En mai dernier, les élections générales en Inde ont donné la victoire, avec une majorité accrue, au BJP, le parti nationaliste hindou qui gouverne l’Inde depuis 2014. Christophe Jaffrelot, le meilleur connaisseur en France de ce pays, venait de publier L’Inde de Modi, national-populisme et démocratie ethnique .

 

A quiconque s’intéresse à l’Inde, on ne peut que recommander cet important ouvrage, qui éclaire très bien les origines de l’idéologie du parti au pouvoir et ce que le premier ministre Narenda Modi a déjà accompli en 5 ans pour « hindouiser » l’Inde. On lira ici la « note de lecture » rédigée par Christian Mellon et publiée dans la revue Projet (n°372, octobre 2019, pp 90-92).

Christophe Jaffrelot, à qui nous devons déjà de nombreux livres importants sur l’Inde, offre ici un ouvrage du plus haut intérêt, fruit de son excellente connaissance du terrain et d’une recherche documentaire abondante (988 notes !).
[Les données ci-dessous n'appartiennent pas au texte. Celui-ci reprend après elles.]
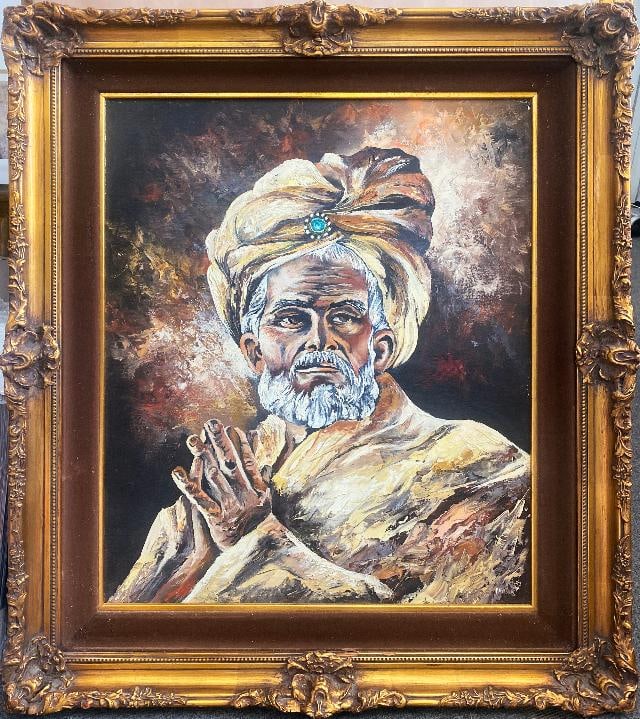 The Emir original oil painting on canvas 20 x 24 inches image approx: The Emir original oil painting on canvas. Approx 20 x 24 inches image. Hand signed by the artist. Custom framed and includes certificate. Art Artwork Artist.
Il permet au lecteur de comprendre comment le nationalisme hindou est parvenu au pouvoir dans « la plus grande démocratie du monde », et décrit les bouleversements radicaux que vit cette société depuis 2014.

« Démocratie ethnique »

 

D’entrée, il résume ainsi sa thèse : « La prise de pouvoir par les nationalistes hindous tend à faire basculer l’Inde dans un nouveau type de régime, la démocratie ethnique, et ce grâce au succès électoral d’une forme de national-populisme incarné par Narendra Modi » (p. 11). La date de 2014 est à la charnière entre les deux parties du livre : la première retrace l’histoire du courant Hindutva, expose les grandes lignes de son idéologie et explique comment sa branche politique, le BJP, a conquis le pouvoir en 2014 ; la deuxième relate les principaux bouleversements provoqués par l’avènement de cette « démocratie ethnique ».
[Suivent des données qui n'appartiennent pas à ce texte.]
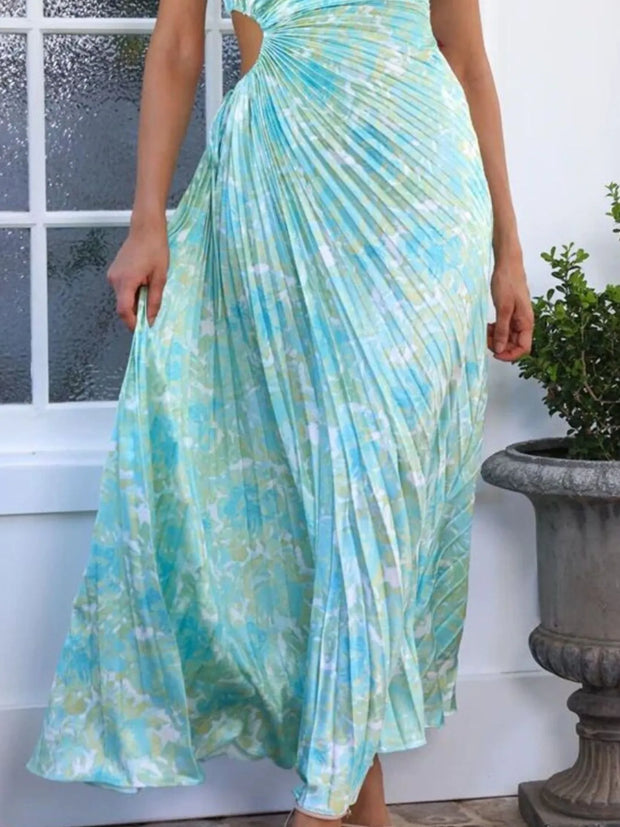 Full Size Single Shoulder Pleated Midi Dress Plus Size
Anciennes sont les racines de l’idéologie ethno-nationaliste et religieuse de l’Hindutva, selon laquelle il n’y a de vrai Indien qu’hindou. Mais ses promoteurs se sont longtemps tenus à distance du champ politique, s’attachant surtout au champ social et culturel, leur objectif étant de renforcer le peuple hindou pour l’inciter à protéger son identité menacée par les minorités (musulmans et chrétiens).

Le RSS, créé en 1925 (dont est issu l’homme qui, en 1948, assassina Gandhi, coupable à ses yeux de faiblesse envers les musulmans), voulait « muscler les hindous au physique comme au mental » (p. 30). Ce « complexe d’infériorité majoritaire » est assez paradoxal dans un pays où les hindous constituent 80 % de la population (14 % de musulmans, 2 % de chrétiens).

Dans les années 1990, la montée en puissance des basses castes, les OBC (Other Backward Classes) – situées dans la hiérarchie sociale juste au-dessus des Dalits (jadis appelés « intouchables ») et des Tribaux – et notamment leur revendication d’une extension des politiques de « discrimination positive », amène les tenants de l’Hindutva à prendre plus au sérieux le champ politique. Le BJP, bras politique de ce courant, obtient alors des victoires locales, mais toujours en coalition avec d’autres partis ; son ascension constitue, selon Jaffrelot, une « révolution conservatrice à l’indienne » (p. 21), une véritable « revanche des élites ».

 

Une combinaison « d’ethno-religieux » et de « national-populisme »

 

Si ce parti est parvenu ensuite à conquérir le pouvoir central, cela tient à deux facteurs, étroitement liés : la personnalité de Narendra Modi et son choix stratégique d’ajouter au nationalisme ethno-religieux de l’Hindutva une forte composante de « national-populisme ». À la tête de l’État du Gujarat pendant treize ans (2001-2014), Modi en fait le laboratoire de ce national-populisme et sa « rampe de lancement » personnelle.

Non sans réticences dans son propre camp, en raison de sa responsabilité (au moins par abstention) dans le pogrom qui, en février 2002, fait 2 000 victimes parmi les musulmans de son État et provoque la fuite de 125 000 d’entre eux. Les auteurs de ces massacres n’ont jamais été poursuivis et Modi n’a formulé ni excuse, ni remords ; mais il y a gagné le titre d’« empereur des cœurs hindous ».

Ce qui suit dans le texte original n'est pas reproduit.